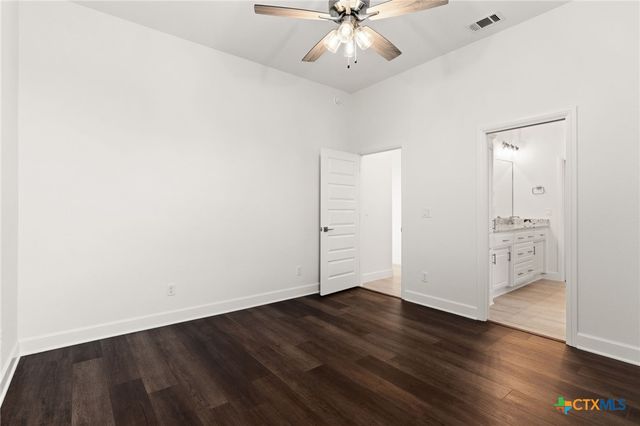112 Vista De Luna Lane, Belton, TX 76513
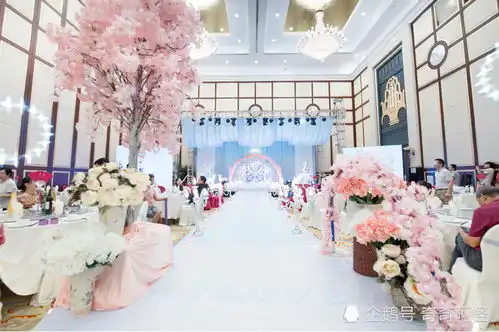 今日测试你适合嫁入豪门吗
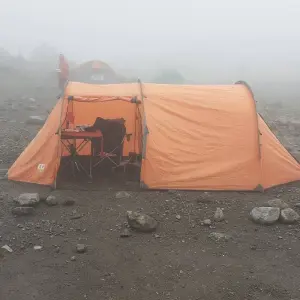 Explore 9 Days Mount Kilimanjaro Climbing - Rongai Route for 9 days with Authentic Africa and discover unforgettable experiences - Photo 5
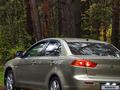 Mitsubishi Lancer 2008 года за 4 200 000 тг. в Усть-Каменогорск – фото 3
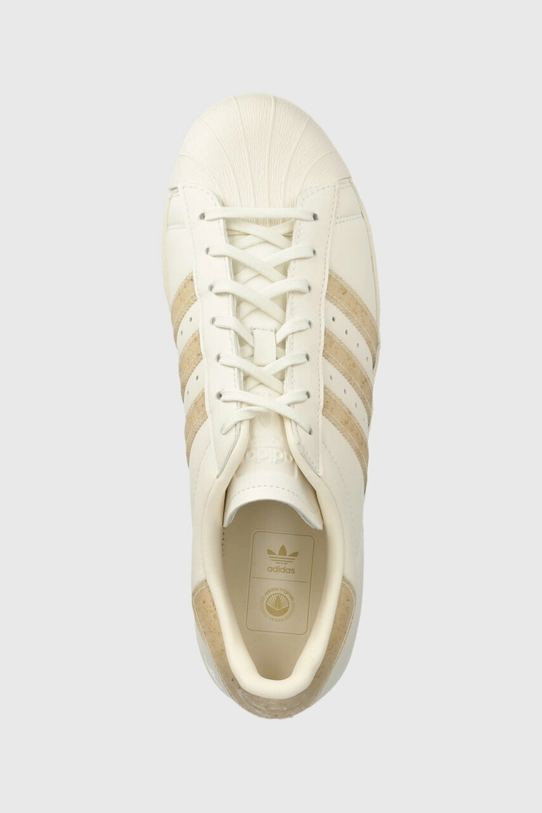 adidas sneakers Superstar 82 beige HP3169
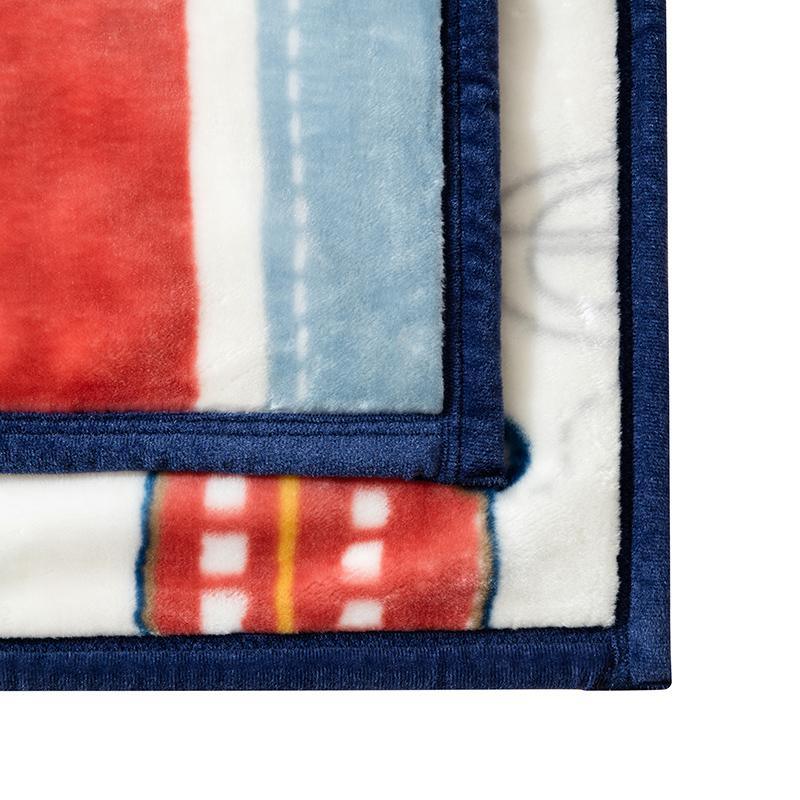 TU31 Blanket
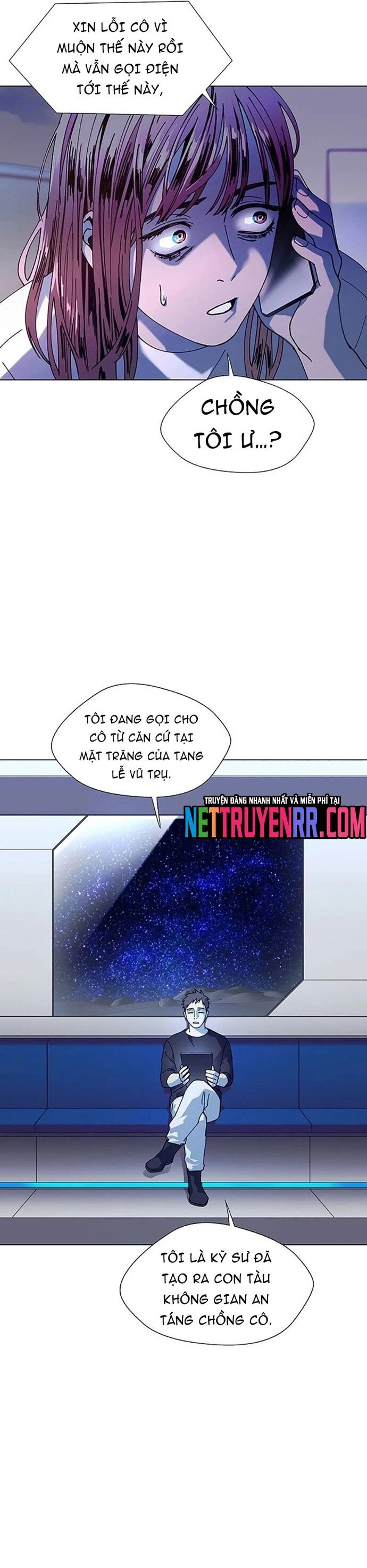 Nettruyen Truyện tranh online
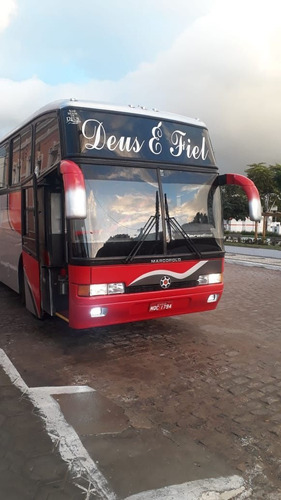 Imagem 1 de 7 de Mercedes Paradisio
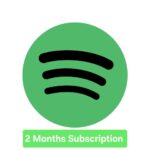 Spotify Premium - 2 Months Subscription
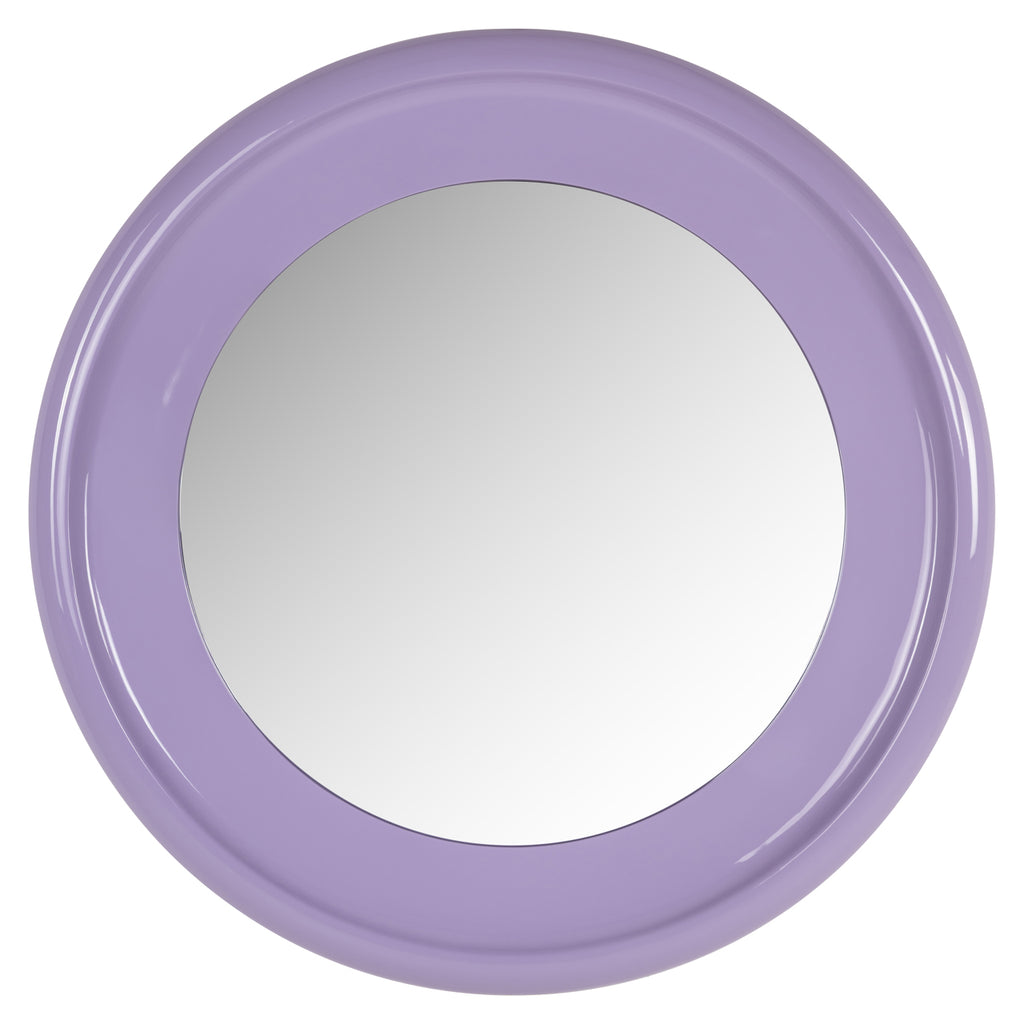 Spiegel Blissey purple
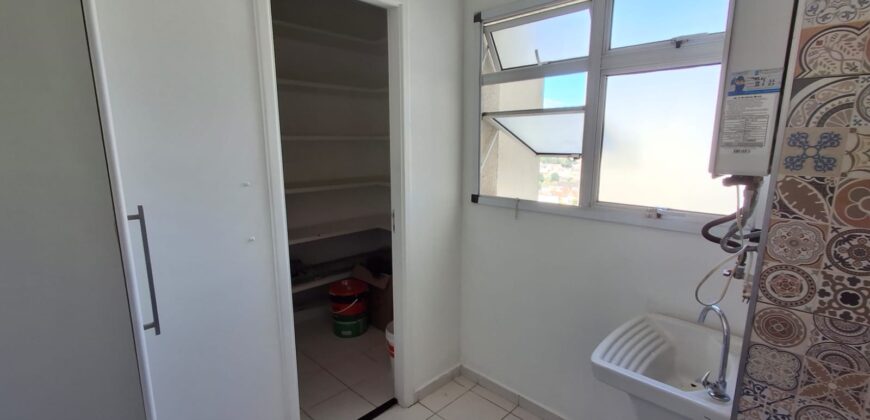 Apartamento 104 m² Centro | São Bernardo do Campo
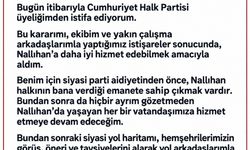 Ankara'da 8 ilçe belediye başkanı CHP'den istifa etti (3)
++++++++
• What this task involves: Please copy the records above word for word, omitting every picture.

• Task output:
112 Vista De Luna Lane, Belton, TX 76513
 今日测试你适合嫁入豪门吗
 Explore 9 Days Mount Kilimanjaro Climbing - Rongai Route for 9 days with Authentic Africa and discover unforgettable experiences - Photo 5
 Mitsubishi Lancer 2008 года за 4 200 000 тг. в Усть-Каменогорск – фото 3
 adidas sneakers Superstar 82 beige HP3169
 TU31 Blanket
 Nettruyen Truyện tranh online
 Imagem 1 de 7 de Mercedes Paradisio
 Spotify Premium - 2 Months Subscription
 Spiegel Blissey purple
 Apartamento 104 m² Centro | São Bernardo do Campo
 Ankara'da 8 ilçe belediye başkanı CHP'den istifa etti (3)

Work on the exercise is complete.